Indiana Court of Appeals Abandons Recently Espoused “Current Test” as to Applicability of Indiana’s Medical Malpractice Act
The Indiana Court of Appeals recently backtracked on one of its more recent opinions on the applicability of the Indiana Medical Malpractice Act (MMA) and held in Doe v. Indiana Dep’t of Ins. that a plaintiff’s claims of sexual battery by a nurse while hospitalized do not fall under the MMA. In Doe, Jane Doe (Doe) was admitted to Indiana University Ball Memorial Hospital (the Hospital) after suffering a stroke. One of the hospital’s nurses, Nathanial Mosco (Mosco), sexually assaulted Doe and was thereafter convicted of battery. Doe filed a lawsuit against Mosco and the Hospital in court and before the Indiana Department of Insurance (IDOI). Doe and the Hospital entered into a settlement agreement for $400,000, which would allow Doe to pursue further damages from the Indiana Patient’s Compensation Fund (the Fund), which is administered by the IDOI. However, the settlement agreement provided that the settlement was not conditioned on Doe’s ability to recover additional damages from the Fund. After Doe filed a petition for excess damages against the Fund, the Fund moved for summary judgment arguing the MMA did not apply, and therefore, it had no obligation to pay any excess damages, even if warranted. The trial court granted the Fund’s motion for summary judgment and Doe appealed.

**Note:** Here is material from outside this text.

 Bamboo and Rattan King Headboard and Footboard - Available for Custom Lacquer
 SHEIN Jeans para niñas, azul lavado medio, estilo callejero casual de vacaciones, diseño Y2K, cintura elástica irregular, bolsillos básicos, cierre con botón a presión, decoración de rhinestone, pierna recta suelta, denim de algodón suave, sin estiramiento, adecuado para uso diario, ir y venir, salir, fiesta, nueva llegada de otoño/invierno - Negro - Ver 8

The MMA applies to claims of medical malpractice against healthcare providers that are qualified under the MMA. Qualified healthcare providers have numerous protections under the MMA, including, among other things, a cap on damages. Ind. Code § 34-18-14-3. Under the MMA, if a qualified healthcare provider or its insurer has agreed to settle its liability by payment of its limits, a claimant is then allowed to seek excess damages from the Fund. Ind. Code § 34-18-15-3. However, not all claims against qualified healthcare providers constitute medical malpractice.
Over the years, court decisions have delineated tests as to what constitutes medical malpractice. These tests include whether the claim involves curative or salutary conduct of a healthcare provider acting in a professional capacity, whether the subject conduct was related to the promotion of a patient’s health and the provider’s exercise of professional expertise, skill, or judgment, and whether the issues in the case are capable of resolution by a jury without application of the standard of care. However, in the recent Indiana Court of Appeals decision in Martinez v. Oaklawn Psychiatric Ctr., Inc., the Court stated that “the current test… as to whether the [MMA] applies to specific misconduct is to determine whether that misconduct arises naturally or predictably from the relationship between the health care provider and patient or from an opportunity provided by that relationship,” with the Court also noting such conduct may include tortious or abusive conduct. Martinez v. Oaklawn Psychiatric Ctr., Inc., 128 N.E.3d 549, 558 (Ind. Ct. App. 2019).
On appeal here, Doe argued that under Martinez the applicability of the MMA is no longer limited to curative or salutary conduct of a healthcare provider while acting in a professional capacity or to conduct related to the promotion of a patient’s health and the provider’s exercise of professional expertise, skill, or judgment, factors which were not present in Mosco’s sexual assault. Instead, Doe argued Mosco’s sexual assault arose naturally or predictably from the relationship between Mosco/the Hospital and Doe, or from an opportunity provided by that relationship, given Mosco’s employment as a nurse authorized to provide certain medical care. However, the Court of Appeals backtracked on the “current test” espoused in Martinez, refusing to find it supplanted established law as to what constitutes medical malpractice. The Court noted that in Martinez it did not actually even apply the test, and the test had not been cited or applied by the Court since Martinez. The Court went on to distinguish Martinez based upon the established factors and, with reference to previous decisions finding the MMA inapplicable to sexual misconduct claims, held Doe’s claims did not fall under the MMA and therefore she could not recover from the Fund.